Not those hopes of the world to come, which my mother reposed in Thee; 
but the hope of learning, which both my parents were too desirous 
I should attain; my father, because he had next to no thought of Thee, 
and of me but vain conceits; my mother, because she accounted that 
those usual courses of learning would not only be no hindrance, but 
even some furtherance towards attaining Thee. For thus I conjecture, 
recalling, as well as I may, the disposition of my parents. The reins, 
meantime, were slackened to me, beyond all temper of due severity, 
to spend my time in sport, yea, even unto dissoluteness in whatsoever 
I affected. And in all was a mist, intercepting from me, O my God, 
the brightness of Thy truth; and mine iniquity burst out as from very 
fatness. 
2.4.9
     Theft is punished by Thy law, O Lord, and the law written in 
the hearts of men, which iniquity itself effaces not. For what thief 
will abide a thief? not even a rich thief, one stealing through want. 
Yet I lusted to thieve, and did it, compelled by no hunger, nor poverty, 
but through a cloyedness of well-doing, and a pamperedness of iniquity. 
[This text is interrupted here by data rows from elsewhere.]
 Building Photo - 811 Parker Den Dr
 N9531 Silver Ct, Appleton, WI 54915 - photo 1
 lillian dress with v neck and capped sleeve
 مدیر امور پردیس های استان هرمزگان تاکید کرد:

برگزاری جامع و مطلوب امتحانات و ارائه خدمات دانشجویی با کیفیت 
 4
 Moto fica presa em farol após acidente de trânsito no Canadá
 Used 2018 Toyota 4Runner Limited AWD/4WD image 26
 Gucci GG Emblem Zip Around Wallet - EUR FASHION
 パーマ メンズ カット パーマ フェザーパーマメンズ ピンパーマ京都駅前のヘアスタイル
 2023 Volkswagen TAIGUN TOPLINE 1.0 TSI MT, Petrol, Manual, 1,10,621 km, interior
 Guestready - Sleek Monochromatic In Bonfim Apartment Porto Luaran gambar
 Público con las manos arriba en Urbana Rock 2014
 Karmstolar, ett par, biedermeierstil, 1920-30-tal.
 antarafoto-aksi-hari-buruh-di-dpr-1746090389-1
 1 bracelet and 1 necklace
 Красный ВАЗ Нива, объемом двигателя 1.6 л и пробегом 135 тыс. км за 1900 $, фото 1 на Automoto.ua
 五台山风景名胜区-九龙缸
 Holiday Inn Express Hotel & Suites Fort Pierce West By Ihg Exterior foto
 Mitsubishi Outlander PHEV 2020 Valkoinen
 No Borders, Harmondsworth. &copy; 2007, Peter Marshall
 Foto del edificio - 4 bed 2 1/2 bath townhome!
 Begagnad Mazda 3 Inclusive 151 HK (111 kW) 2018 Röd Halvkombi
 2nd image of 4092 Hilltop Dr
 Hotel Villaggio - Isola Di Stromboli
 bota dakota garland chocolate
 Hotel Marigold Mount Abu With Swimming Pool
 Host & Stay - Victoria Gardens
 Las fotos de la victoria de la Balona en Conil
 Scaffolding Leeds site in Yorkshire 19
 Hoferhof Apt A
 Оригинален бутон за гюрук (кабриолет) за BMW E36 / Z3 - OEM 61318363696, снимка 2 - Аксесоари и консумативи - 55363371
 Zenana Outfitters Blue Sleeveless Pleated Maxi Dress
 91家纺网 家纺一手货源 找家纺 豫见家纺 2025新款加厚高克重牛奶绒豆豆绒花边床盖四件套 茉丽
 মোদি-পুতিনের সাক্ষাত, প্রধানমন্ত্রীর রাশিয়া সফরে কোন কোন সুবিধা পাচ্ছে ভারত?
For I stole that, of which I had enough, and much better. Nor cared 
I to enjoy what I stole, but joyed in the theft and sin itself. A 
pear tree there was near our vineyard, laden with fruit, tempting 
neither for colour nor taste. To shake and rob this, some lewd young 
fellows of us went, late one night (having according to our pestilent 
custom prolonged our sports in the streets till then), and took huge 
loads, not for our eating, but to fling to the very hogs, having only 
tasted them. And this, but to do what we liked only, because it was 
misliked. Behold my heart, O God, behold my heart, which Thou hadst 
pity upon in the bottom of the bottomless pit. Now, behold, let my 
heart tell Thee what it sought there, that I should be gratuitously 
evil, having no temptation to ill, but the ill itself. It was foul, 
and I loved it; I loved to perish, I loved mine own fault, not that 
for which I was faulty, but my fault itself. Foul soul, falling from 
Thy firmament to utter destruction; not seeking aught through the 
shame, but the shame itself! 
2.5.10
     For there is an attractiveness in beautiful bodies, in gold and 
silver, and all things; and in bodily touch, sympathy hath much influence, 
and each other sense hath his proper object answerably tempered. Wordly 
honour hath also its grace, and the power of overcoming, and of mastery; 
whence springs also the thirst of revenge. But yet, to obtain all 
these, we may not depart from Thee, O Lord, nor decline from Thy law. 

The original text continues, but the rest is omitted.